Logo ABC

Pekerja Backpacker Asing Menangkan Gugatan Pajak di Australia

Catherine Addy mengajukan gugaran karena pajak yang dikenakan terhadap dirinya bersifat diskriminatif. (Pixabay)
Catherine Addy mengajukan gugaran karena pajak yang dikenakan terhadap dirinya bersifat diskriminatif. (Pixabay)
Sumber :
  • abc

Seorang 'backpacker' perempuan yang juga bekerja di Sydney memenangkan gugatan terkait pajak

Catherine Addy asal Inggris mengajukan gugatan karena merasa pajak yang dikenakan pada dirinya sebagai pekerja 'backpacker' bersifat diskriminasi.

'Backpacker' adalah sebutan bagi para pekerja yang berusia 18-30 tahun yang datang ke Australia menggunakan visa Working Holiday (WHV), visa yang memberikan kesempatan untuk berlibur sambil bekerja selama antara 1 sampai 3 tahun.

Rabu kemarin (31/11), Pengadilan Tinggi Australia telah mengabulkan gugatannya dan diperkirakan akan berdampak juga bagi ribuan pekerja 'backpacker' lainnya.

Dalam gugatannya Catherine mengatakan pajak yang dikenakan kepada dirinya berbeda dengan pajak bagi warga Australia lainnya.

Padahal dalam perjanjian yang sudah disepakati antara Inggris dan Australia, para 'backpacker' membayar pajak dengan tarif yang sudah ditetapkan, bukan berdasarkan seberapa besar penghasilannya seperti warga lainnya.

Banyak 'backpacker' mengatakan pengenaan pajak tersebut bertentangan dengan hukum internasional.

Pajak ini diterapkan pertama kali tahun 2017 dan berlaku bagi pemegang visa 417 dan 462, yaitu visa utama WHV.

Catherine bekerja sebagai pelayan di Sydney antara bulan Januari 2017 sampai Mei 2017, kemudian ia meninggalkan Australia.

Penghasilannya ketika itu adalah AU$26.576 atau lebih dari Rp260 juta.

Catherine menggugat karena ia masih dikenakan pajak 15 persen sesuai perjanjian, padahal warga Australia lainnya tidak harus membayar pajak dengan penghasilan sebesar itu karena masih di bawah penghasilan bebas pajak.

Ia berpendapat besarnya pajak tersebut bertentangan dengan kesepakatan 'pajak ganda' yang dilakukan Australia dengan Inggris dan beberapa negara lainnya.

Perjanjian tersebut melarang adanya bentuk diskriminasi berdasarkan kewarganegaraan, yakni seorang warga asing tidak harus dikenai pajak yang "lebih membebani" dibandingkan warga lokal dalam posisi yang sama. 

"Dalam kasus ini, penerapan atura pajak umum yang diberlakukan antara Australia dan Inggris seharusnya sama, namun tarif pajak mereka berbeda," kata keputusan hakim.

"Pajak yang dikenakan terhadap Catherine, warga Inggris lebih tinggi dibandingkan yang dikenakan terhadap warga Australia yang mengerjakan hal sama, mendapatkan penghasilan yang sama, di bawah kebijakan pajak yang sama."

'Tidak setiap hari kita bisa seperti ini'

Catherine menyambut gembira dengan keputusan Pengadilan Tinggi.

"Rasanya puas.
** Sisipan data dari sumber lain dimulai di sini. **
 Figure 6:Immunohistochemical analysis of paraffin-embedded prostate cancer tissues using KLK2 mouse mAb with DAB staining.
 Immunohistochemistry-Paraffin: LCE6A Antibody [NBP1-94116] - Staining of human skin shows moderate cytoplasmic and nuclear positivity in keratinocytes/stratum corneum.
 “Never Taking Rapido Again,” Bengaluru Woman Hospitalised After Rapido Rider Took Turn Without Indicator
Tidak setiap hari kita bisa seperti ini," katanya.

"Ada begitu banyak orang yang sudah menghubungi saya dan saya tahu ada begitu banyak backpacker".
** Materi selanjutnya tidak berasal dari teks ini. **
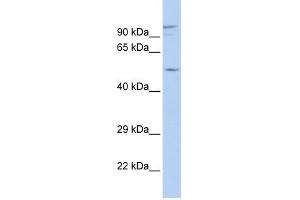 GJA3 antibody used at 1 ug/ml to detect target protein. (GJA3 antibody  (N-Term))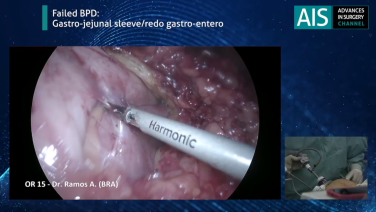 An image from the "Revision Bariatric Surgery - Gastro-Jejunal Sleeve / Redo Gastro-Entero Procedure with Almino Ramos, MD" video on JnJInstitute.com website.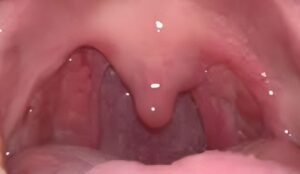 can tonsils grow back after being removed? - tymoff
"Saya tidak sadar diperlukan waktu begitu lama dipengadilan, namun saya senang akhirnya ini selesai dan saya bisa melanjutkan hidup saya."
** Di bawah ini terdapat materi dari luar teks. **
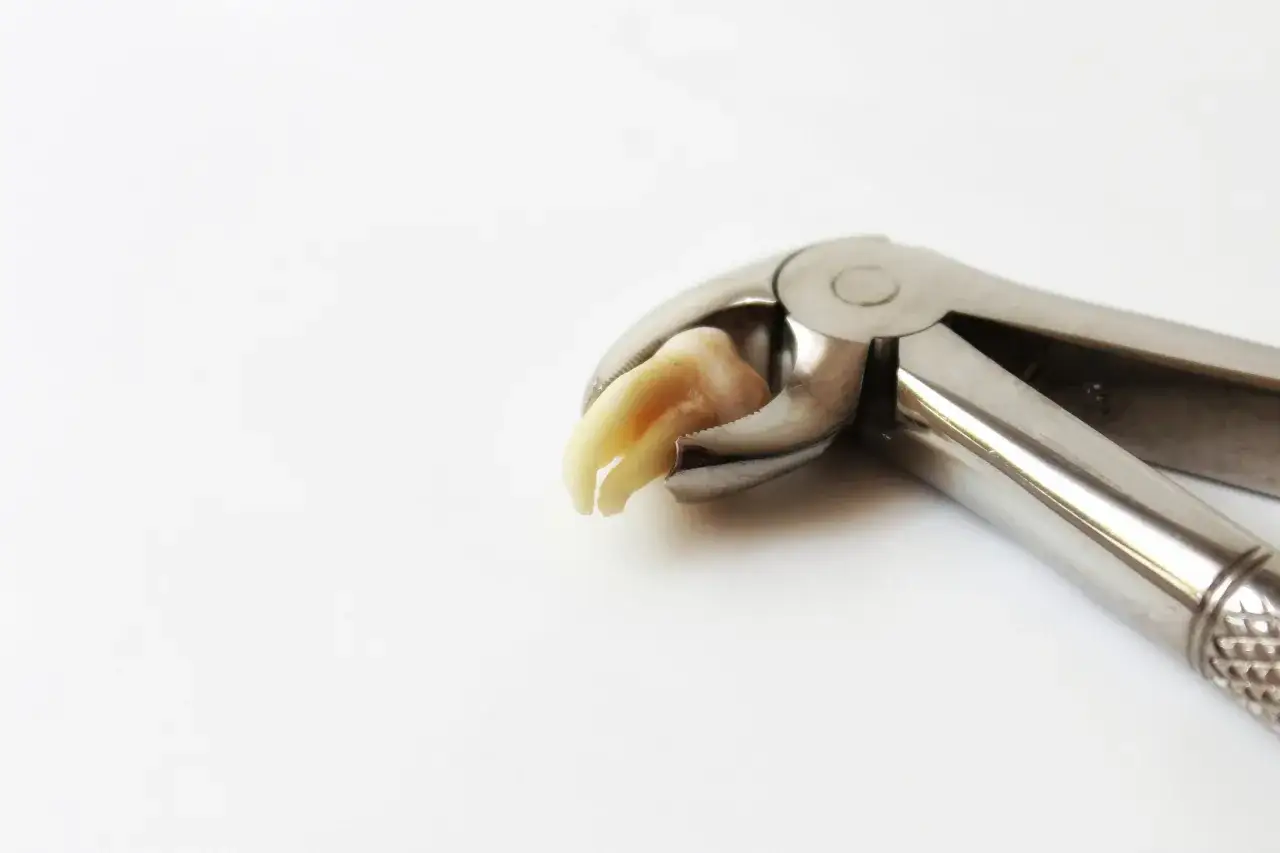 Alkohol po wyrwaniu ósemki? Kiedy bezpiecznie się napić?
Catherine mengatakan pajak 'backpacker' membuatnya kehilangan penghasilan sekitar seribu poundsterling, atau lebih dari Rp19 juta.

Tapi menurutnya ini bukan cuma soal uang, melainkan banyak belasan ribu pekerja 'backpacker' dengan visa jenis WHV mengalami hal yang sama.

"Jumlah yang besar tapi juga bukan sekedar masalah uang, ini adalah masalah keadilan bahwa sudah ada kesepakatan namu kesepakatan itu dilanggar."

Catherine mengajukan kasusnya ke pengadilan dengan bantuan dari perusahaan yang berbasis di Republik Irlandia, yakni Taxback.com.

CEO Taxback's, Joanna Murphy mengatakan keputusan pengadilan tinggi Australia tersebut berarti sekitar 820 ribu backpacker yang bekerja di Australia antara tahun 2017 sampai 2021 mungkin membayar pajak mereka berlebihan.

Tanggapan dari kantor pajak Australia

Dalam pernyataannya Kantor Pajak Australia (ATO) mengatakan mereka sedang mempelajari keputusan dari Pengadilan Tinggi dan akan memberikan petunjuk lebih lanjut secepat mungkin.

"Keputusan ini tidak akan mengubah tarif pajak bagi mayoritas pemegang WHV lain," kata juru bicara ATO.

"Keputusan ini hanya relevan di mana pemegang WHV itu adalah warga Australia dalam soal pajak dan berasal dari negara Cile, Finlandia, Jepang, Norwegia, Turki, Inggris atau Israel."

"Kebanyakan backpacker adalah non-residen karena mereka di Australia untuk berlibur atau bekerja untuk membiayai liburan."

ATO mengatakan siapa yang merasa keputusan Pengadilan Tinggi memiliki dampak bagi mereka, maka diminta "melakukan pengecekan di situs ATO untuk panduan terbaru sebelum mengajukan permintaan perubahan pajak."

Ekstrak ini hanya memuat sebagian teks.